For God's sake touch me not; but leave me free,
That having lived in freedom, I may die
Unviolated by a master's hand." [Hecuba 548ff]
XVIII. (117) Do we then imagine that there can be such a profound love of freedom firmly fixed in women and children, one of which classes is by nature light-minded, and the other is of an age which is easily perverted and liable to stumble, so that they, for the sake of not being deprived of it, cheerfully proceed from death to immortality, but that those men who have tasted of unalloyed wisdom are not at once thoroughly free, bearing about in themselves, as they do, a sort of perpetual fountain of happiness, namely virtue, which no designing or hostile power has ever been able to dissolve, since it has the everlasting inheritance of authority and sovereign power?

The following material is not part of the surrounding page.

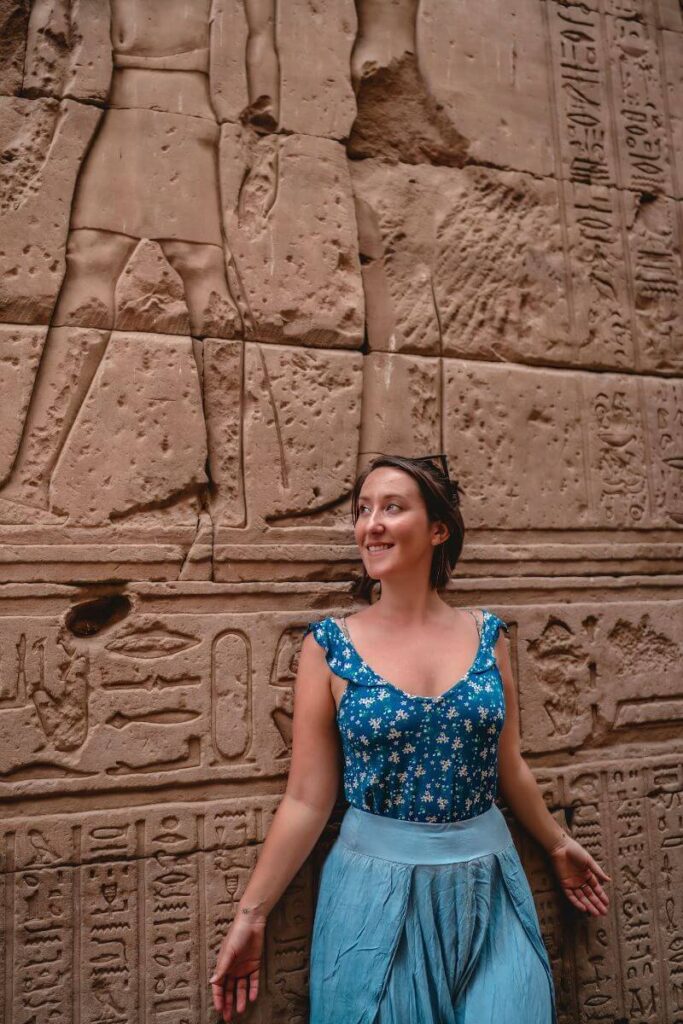 A woman in a blue floral top and light blue skirt poses against a sandstone wall carved with detailed hieroglyphs and partial pharaonic figures inside Philae Temple Egypt. This ancient Egyptian temple is one of the top historical attractions in Aswan and is dedicated to the goddess Isis.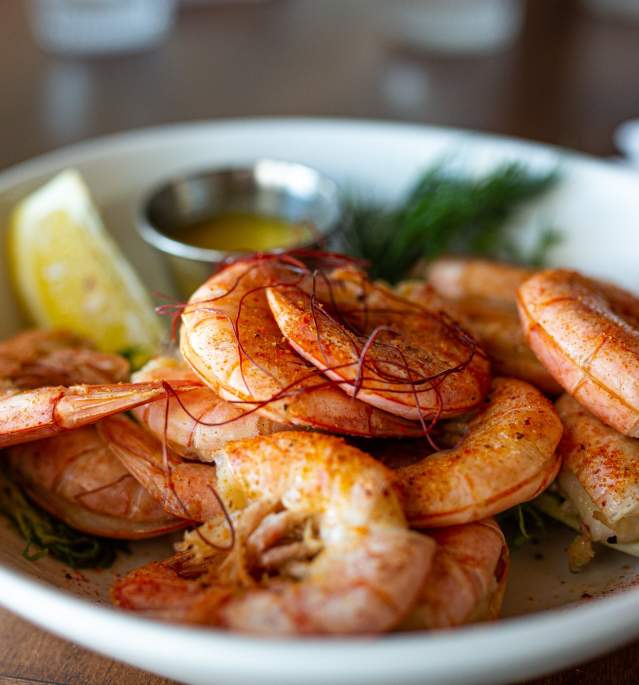 Plate with seasoned shrimp and garnish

[Examples of entire Groups]
(118) But in truth we hear of whole nations also, who, for the sake of freedom and of good faith towards their deceased benefactors, have voluntarily encountered utter destruction, as they say that the Xanthians did no long time ago; for when Brutus, one of those men who attacked Julius Caesar, invaded their territory and made war upon them, they, fearing not so much the destruction of their city as slavery at the mercy of a murderer who had killed his king and his benefactor (for Caesar was both to him), resisted at first with great vigour to the very utmost extent of their power, (119) and though they were being gradually destroyed, they still held out; and when at last they had exhausted all their strength, they all collected their wives, and parents, and children into their houses, and there slew them separately, and then collecting the slaughtered bodies in a heap, they set fire to them, and slew themselves on the top of all, and so with a noble and free spirit encountered the fated end of all men.
(120) But these men, wishing to escape the pitiless inhumanity of tyrannical enemies, preferred death with glory to an inglorious life; but those to whom the chances of fortune gave a longer life, have endured their dangers and afflictions with fortitude, imitating the courage and endurance of Hercules, for he also showed himself superior to the commands of Eurystheus.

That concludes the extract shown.